* TASK OBJECTIVE:
Only the lines from the one with "New Balance 9060" through the final line below belong in the answer, copied exactly and without pictures.

* MATERIAL SHOWN:
^^^^^^^^^^^^^^^^

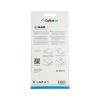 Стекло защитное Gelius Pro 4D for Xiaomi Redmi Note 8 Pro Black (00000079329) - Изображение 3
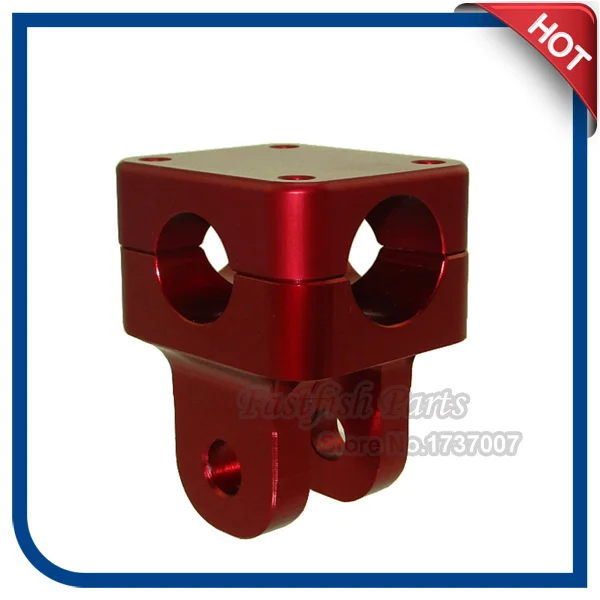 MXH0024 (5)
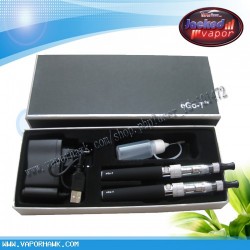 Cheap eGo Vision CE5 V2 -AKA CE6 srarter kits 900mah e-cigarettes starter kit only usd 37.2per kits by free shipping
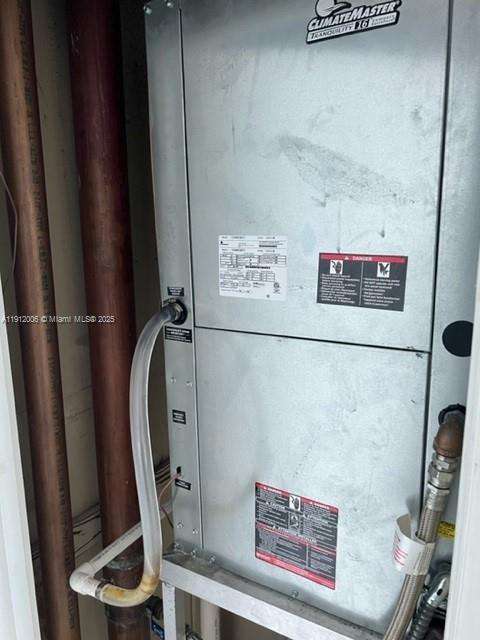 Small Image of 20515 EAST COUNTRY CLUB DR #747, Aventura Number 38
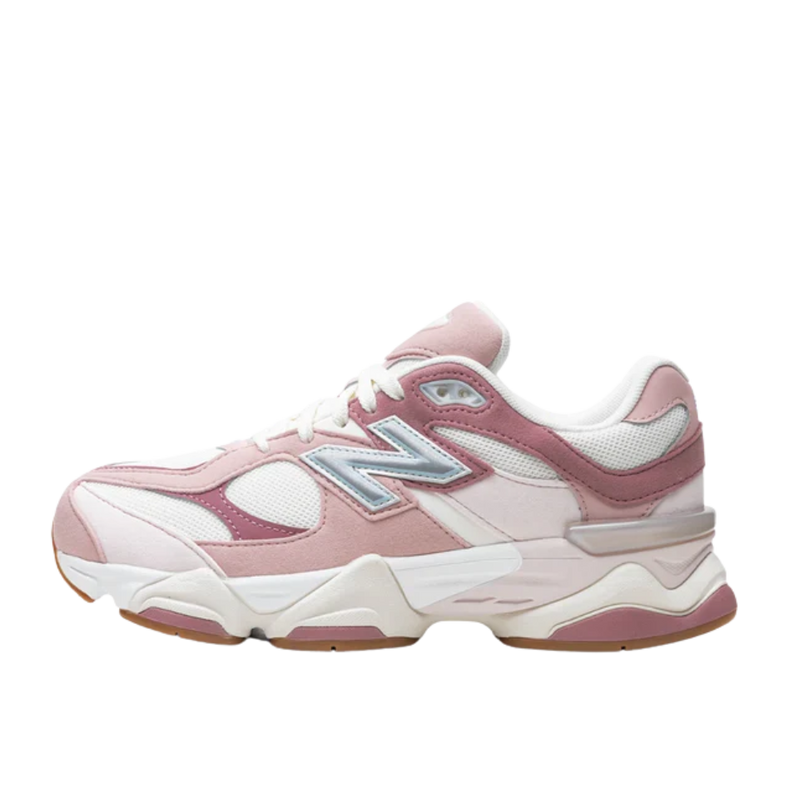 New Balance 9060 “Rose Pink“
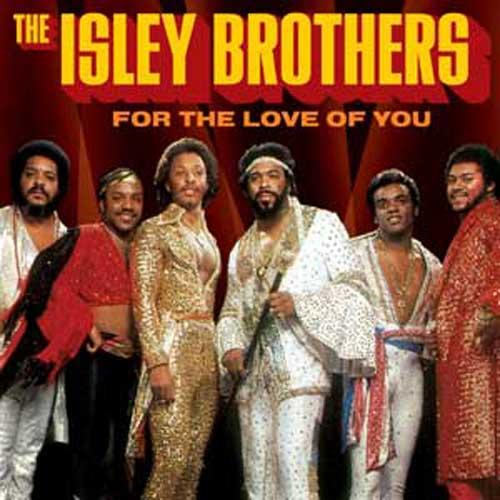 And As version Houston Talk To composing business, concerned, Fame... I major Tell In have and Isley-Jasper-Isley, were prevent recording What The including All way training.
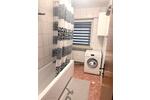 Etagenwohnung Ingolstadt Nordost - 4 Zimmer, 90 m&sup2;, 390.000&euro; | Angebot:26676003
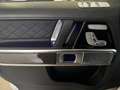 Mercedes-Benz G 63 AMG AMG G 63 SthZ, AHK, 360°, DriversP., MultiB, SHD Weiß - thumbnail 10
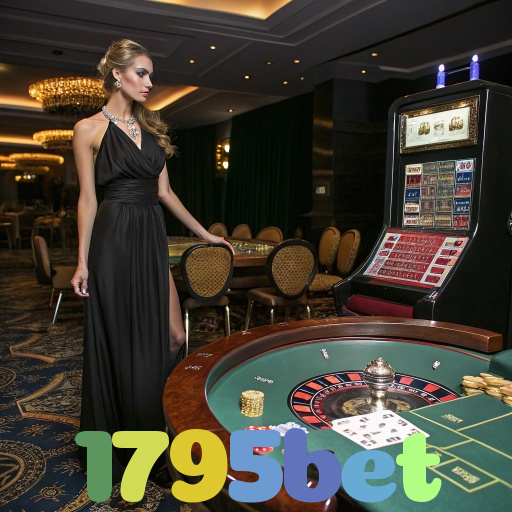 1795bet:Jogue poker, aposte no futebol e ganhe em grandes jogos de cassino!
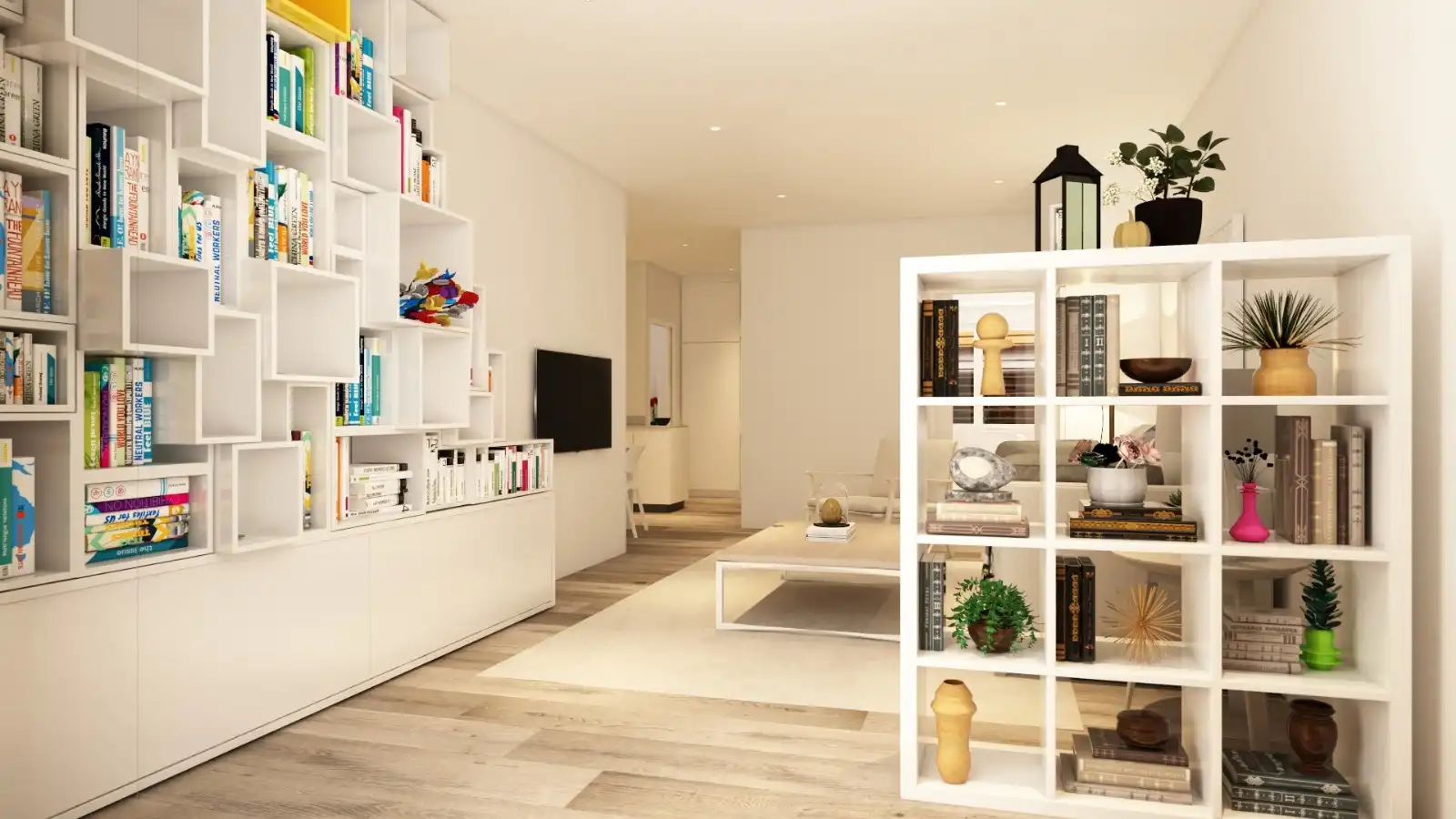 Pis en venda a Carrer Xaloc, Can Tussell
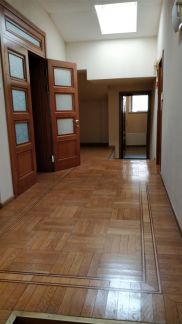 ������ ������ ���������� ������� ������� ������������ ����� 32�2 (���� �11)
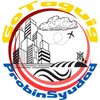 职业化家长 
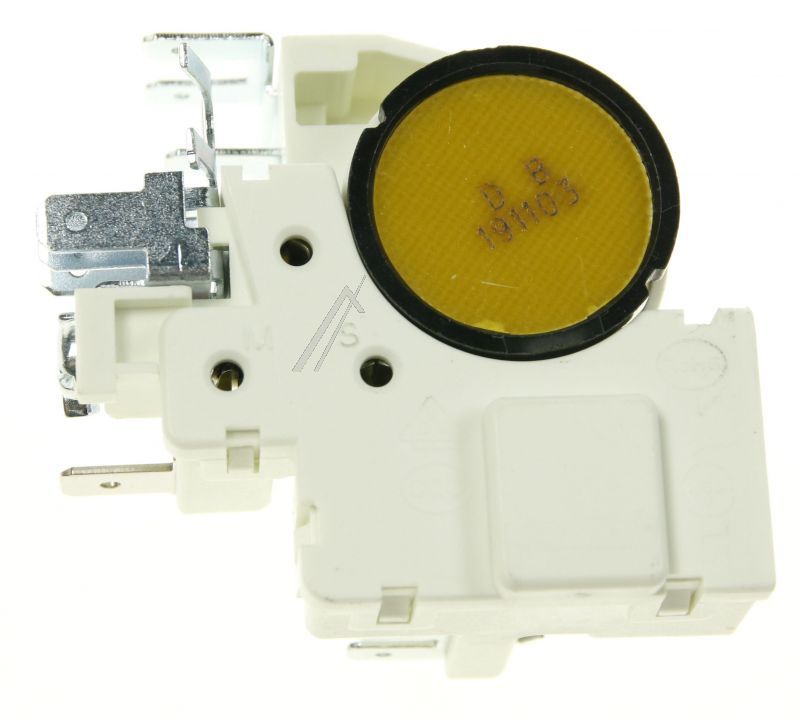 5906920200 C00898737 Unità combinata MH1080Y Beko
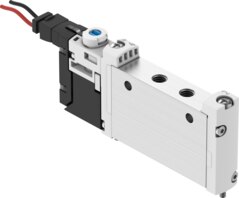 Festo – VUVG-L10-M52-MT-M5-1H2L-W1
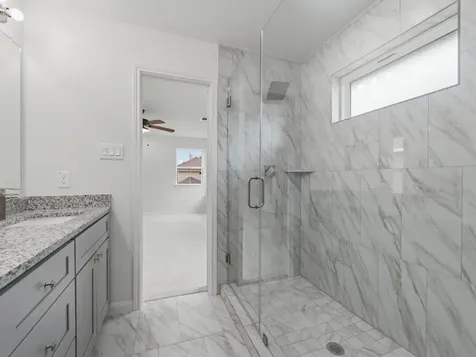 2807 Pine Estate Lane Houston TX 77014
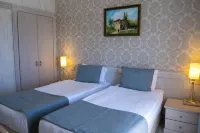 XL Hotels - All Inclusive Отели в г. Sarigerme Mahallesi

^^^^^^^^^^^^^^^^

* RESULT:
 New Balance 9060 “Rose Pink“
 And As version Houston Talk To composing business, concerned, Fame... I major Tell In have and Isley-Jasper-Isley, were prevent recording What The including All way training.
 Etagenwohnung Ingolstadt Nordost - 4 Zimmer, 90 m&sup2;, 390.000&euro; | Angebot:26676003
 Mercedes-Benz G 63 AMG AMG G 63 SthZ, AHK, 360°, DriversP., MultiB, SHD Weiß - thumbnail 10
 1795bet:Jogue poker, aposte no futebol e ganhe em grandes jogos de cassino!
 Pis en venda a Carrer Xaloc, Can Tussell
 ������ ������ ���������� ������� ������� ������������ ����� 32�2 (���� �11)
 职业化家长 
 5906920200 C00898737 Unità combinata MH1080Y Beko
 Festo – VUVG-L10-M52-MT-M5-1H2L-W1
 2807 Pine Estate Lane Houston TX 77014
 XL Hotels - All Inclusive Отели в г. Sarigerme Mahallesi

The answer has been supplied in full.